Under the Hood: Your car's engine can learn your ways
QUESTION: I have written before concerning a problem I had with my truck, and your repair suggestion was right on the money. I now have a question about something you mentioned in a recent column. In the article, you referred to a vehicle's learned values for engine management. Would you mind expanding on that? Do these computers actually learn over time? How long does it take them to learn? What do they learn? Are they in all recent models?
ANSWER: Great question, John. My first experience with engine control memories was in the early 1980s with General Motors' Computer Command Control system. Besides recording faults and setting trouble codes for later retrieval, the fuel injection system was smart enough to keep track of the amount of correction necessary to keep the exhaust oxygen sensor happy and apply the correction the next morning, even before the sensor woke up. This did wonders for cold engine drivability. The system also proactively corrected fuel delivery under all operating conditions, providing sweet and efficient performance. The control computer, called an ECM back then, also needed to keep an accurate memory of the idle control stepper motor position, or idle speed would become very wrong.

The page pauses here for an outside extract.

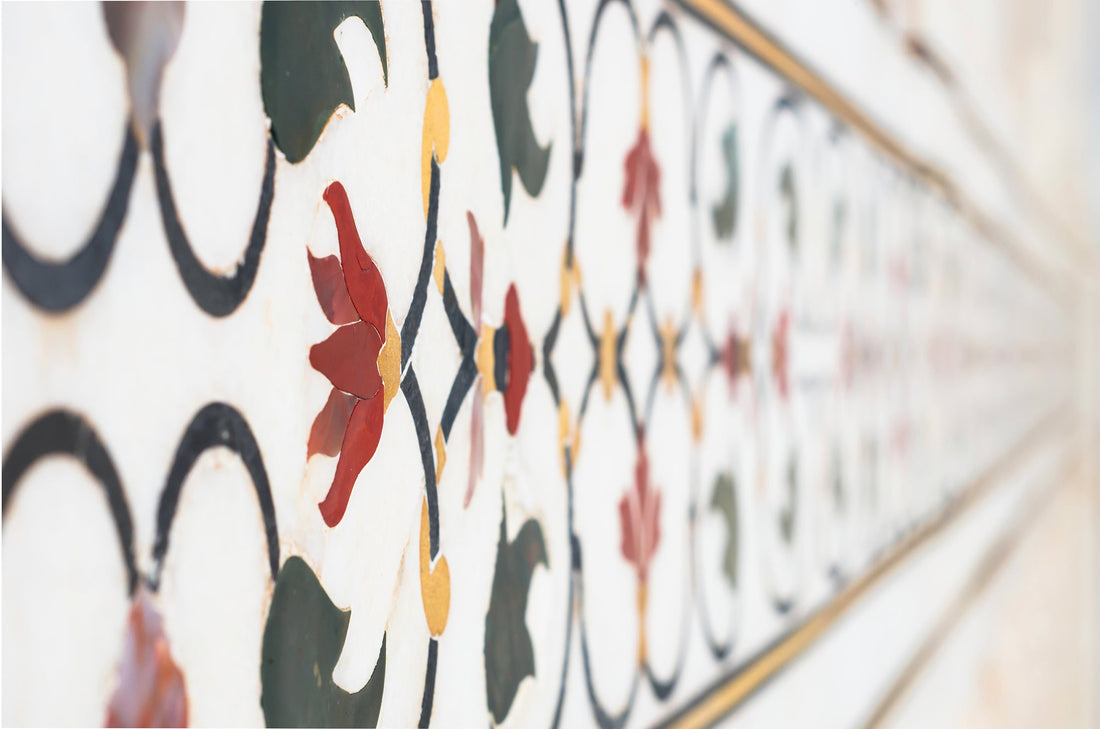 Close-up of floral pietra dura inlay in white marble, the border receding along a wall in perspective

Modern vehicles go far beyond these baby steps, learning operator behavior, degraded component characteristics and environmental conditions, among other things. With advances such as electronic throttles, variable valve timing, variable geometry turbochargers and electronically shifted transmissions, system tracking and corrections constantly occur. These can be proactively applied to smooth performance, reduce emissions and stretch every drop of fuel. Many transmissions observe vehicle behavior when climbing a long hill and apply logic toward what may lie ahead. Shifts are also sweetened, based on earlier behavior, thanks to clutch or fluid irregularities. Air bag systems can also store "black box" information preceding a crash/deployment to assist in compiling facts afterward.

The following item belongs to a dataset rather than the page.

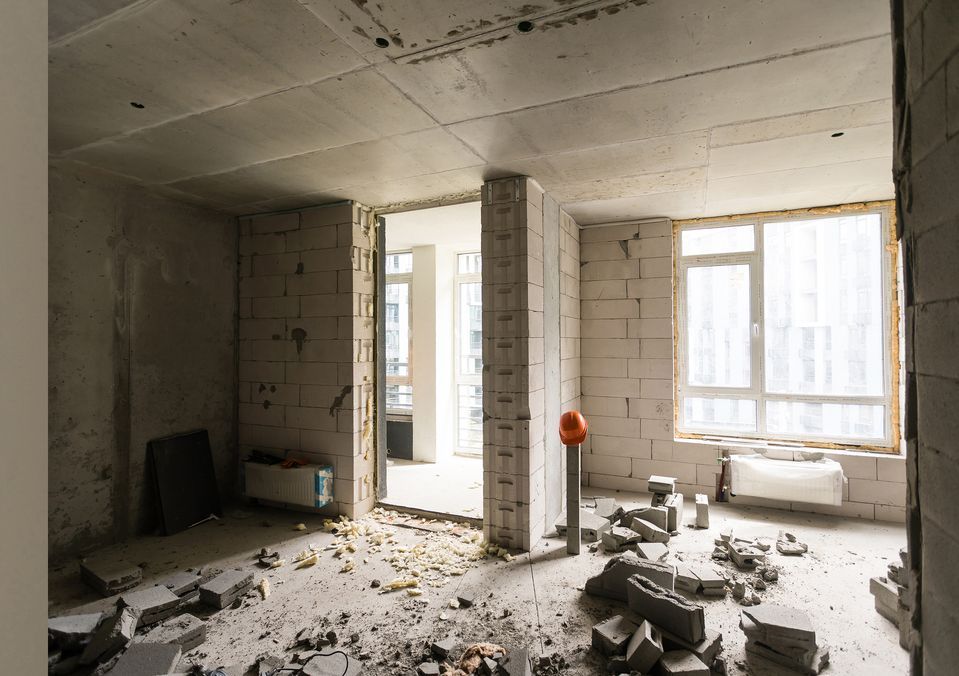 Una stanza non finita con pareti in blocchi di cemento a vista, detriti sul pavimento e una grande finestra.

During a recent icy-cold morning startup in the High Sierras, my Silverado battery voltage dipped a bit low while cranking. The diesel engine started, but I was rewarded with an illuminated check engine light among other issues. After returning home I retrieved codes and discovered a startling batch of them including multiple communication errors and the dreaded turbo vane position sensor code. It's a $700 part – yikes. Thinking it odd the codes all set immediately after the slow crank, I cleared them, and they have never returned. Just a momentary loss of memories had occurred, but it was enough to cause all this plus wipe out radio stations, clock, memory seat positions, and emissions monitors. The truck relearned the needed engine, emissions, transmission and transfer case memories within an hour or so of driving, the control modules all shook hands successfully, and I reset the others. Time for two new batteries.
With vehicles more sophisticated than mine, it's certainly likely that professional service may be needed to perform relearn procedures in the event of a dead or disconnected battery. In addition, I would never, ever jump-start a modern vehicle without first consulting the operator's manual for any special concerns and being absolutely sure of proper cable polarity. Most relearning can occur fairly quickly, if the right operating conditions are presented or are initiated using a scan tool.